What is China's Belt and Road Initiative, and Why is East Africa in Focus?
Convening Space, IDS
Three years since the launch of China's flagship outbound investment strategy, One Belt One Road (OBOR), many are left uncertain - what is OBOR and what exactly is China trying to achieve?
Based on study of trade-related potential for win-win development between China and Africa countries, Dr. Lauren Johnston will explain economic push factors underlying China's outbound investment agenda, and the attractiveness of selective 'Road' countries in Africa.
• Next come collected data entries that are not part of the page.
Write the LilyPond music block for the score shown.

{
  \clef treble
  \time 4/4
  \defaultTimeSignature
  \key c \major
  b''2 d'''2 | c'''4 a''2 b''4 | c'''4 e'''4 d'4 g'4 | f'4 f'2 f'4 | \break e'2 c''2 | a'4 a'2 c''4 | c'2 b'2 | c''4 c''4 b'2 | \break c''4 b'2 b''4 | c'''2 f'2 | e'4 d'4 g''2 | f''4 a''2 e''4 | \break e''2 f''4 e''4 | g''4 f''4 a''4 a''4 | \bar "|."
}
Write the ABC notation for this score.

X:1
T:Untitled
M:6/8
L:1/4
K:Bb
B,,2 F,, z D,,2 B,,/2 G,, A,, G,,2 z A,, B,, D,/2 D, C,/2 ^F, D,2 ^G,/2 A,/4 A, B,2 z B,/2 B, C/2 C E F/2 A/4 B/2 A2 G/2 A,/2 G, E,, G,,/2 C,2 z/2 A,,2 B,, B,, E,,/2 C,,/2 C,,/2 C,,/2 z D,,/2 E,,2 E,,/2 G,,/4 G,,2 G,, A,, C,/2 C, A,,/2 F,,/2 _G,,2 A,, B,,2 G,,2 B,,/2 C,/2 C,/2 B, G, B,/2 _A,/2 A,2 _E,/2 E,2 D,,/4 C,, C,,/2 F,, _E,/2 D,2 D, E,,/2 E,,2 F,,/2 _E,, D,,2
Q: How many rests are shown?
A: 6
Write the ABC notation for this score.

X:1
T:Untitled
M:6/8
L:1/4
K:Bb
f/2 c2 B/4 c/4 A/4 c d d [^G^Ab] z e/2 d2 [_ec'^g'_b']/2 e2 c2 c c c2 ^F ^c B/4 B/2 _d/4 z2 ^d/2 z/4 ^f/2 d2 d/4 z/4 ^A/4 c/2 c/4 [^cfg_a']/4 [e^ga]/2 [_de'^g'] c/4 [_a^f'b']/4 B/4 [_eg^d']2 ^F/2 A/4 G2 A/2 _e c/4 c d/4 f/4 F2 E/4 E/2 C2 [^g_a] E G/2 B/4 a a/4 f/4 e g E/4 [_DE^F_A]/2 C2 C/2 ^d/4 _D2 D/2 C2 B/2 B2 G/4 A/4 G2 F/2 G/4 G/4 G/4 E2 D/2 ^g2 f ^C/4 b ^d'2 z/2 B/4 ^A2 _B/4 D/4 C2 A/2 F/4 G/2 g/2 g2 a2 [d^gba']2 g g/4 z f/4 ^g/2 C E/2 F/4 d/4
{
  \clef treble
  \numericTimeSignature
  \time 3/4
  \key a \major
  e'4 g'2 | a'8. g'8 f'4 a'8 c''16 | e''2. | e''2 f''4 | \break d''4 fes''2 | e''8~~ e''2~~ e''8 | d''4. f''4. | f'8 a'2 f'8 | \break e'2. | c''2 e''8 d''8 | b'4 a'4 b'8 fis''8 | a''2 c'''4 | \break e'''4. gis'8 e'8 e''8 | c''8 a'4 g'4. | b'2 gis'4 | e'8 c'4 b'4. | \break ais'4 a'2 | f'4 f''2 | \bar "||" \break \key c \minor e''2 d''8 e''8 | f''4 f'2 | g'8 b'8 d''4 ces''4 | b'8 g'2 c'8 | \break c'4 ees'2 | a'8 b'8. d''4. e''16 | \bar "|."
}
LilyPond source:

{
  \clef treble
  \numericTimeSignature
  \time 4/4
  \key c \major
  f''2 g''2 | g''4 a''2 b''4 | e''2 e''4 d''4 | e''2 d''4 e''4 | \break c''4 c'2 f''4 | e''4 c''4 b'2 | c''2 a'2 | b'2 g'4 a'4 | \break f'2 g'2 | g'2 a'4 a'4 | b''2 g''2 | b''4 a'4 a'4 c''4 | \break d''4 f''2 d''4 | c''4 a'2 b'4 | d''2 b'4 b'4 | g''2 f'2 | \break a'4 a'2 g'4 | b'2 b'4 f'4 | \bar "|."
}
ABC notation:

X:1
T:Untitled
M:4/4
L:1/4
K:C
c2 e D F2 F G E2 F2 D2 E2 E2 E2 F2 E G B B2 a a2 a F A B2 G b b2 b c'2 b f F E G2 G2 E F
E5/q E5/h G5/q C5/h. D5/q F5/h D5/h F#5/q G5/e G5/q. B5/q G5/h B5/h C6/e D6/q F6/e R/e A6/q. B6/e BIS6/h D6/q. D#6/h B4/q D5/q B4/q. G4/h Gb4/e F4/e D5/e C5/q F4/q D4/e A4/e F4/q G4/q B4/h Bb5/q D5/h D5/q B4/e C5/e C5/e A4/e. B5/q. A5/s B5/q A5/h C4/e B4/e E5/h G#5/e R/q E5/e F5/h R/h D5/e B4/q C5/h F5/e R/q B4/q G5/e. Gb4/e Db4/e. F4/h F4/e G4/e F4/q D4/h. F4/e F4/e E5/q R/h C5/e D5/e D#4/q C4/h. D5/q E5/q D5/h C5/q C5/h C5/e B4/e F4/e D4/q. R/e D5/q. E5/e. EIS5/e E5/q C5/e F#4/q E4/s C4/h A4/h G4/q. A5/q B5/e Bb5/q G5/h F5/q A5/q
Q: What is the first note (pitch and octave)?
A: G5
Arguing that the timeliness of OBOR investments for particular African economies could help underlie sustained economic development, she adds a call for Australia, the only OECD member of the Indian Ocean Rim Association (IORA), to grasp related new challenges and opportunity.
About the speaker
Dr Lauren Johnston is a Research Fellow in the Melbourne Institute of Applied Economic and Social Research. Lauren's research in development economics applies mainly to China and Africa, and China-Africa relations. Previously Lauren taught Chinese economy at the Beijing Foreign Studies University (IES), and held positions at the World Bank in DC and World Economic Forum in Geneva.
As a Fellow of the Overseas Development Institute she was an economist in the Ministries of Finance of Guyana and Sierra Leone each for a year. Lauren holds a PhD (Econ) from Peking University, a MSc (Dev Econ) from the University of London (SOAS) and a BA/BCom from the University of Melbourne.
About the organisers
CRPD is at the forefront of research and practical analysis that helps connect governments, donors, civil society, and academia to explore new way to address global development challenges, with a particular focus on the BRICS (Brazil, Russia, India, China and South Africa) and other increasingly influential middle-income countries
The Business and Development Centre seeks to provide much needed research and practical analysis on the role business plays in addressing global challenges such as inequality, sustainability and security informed by thinking from across business, economics, political science and development studies.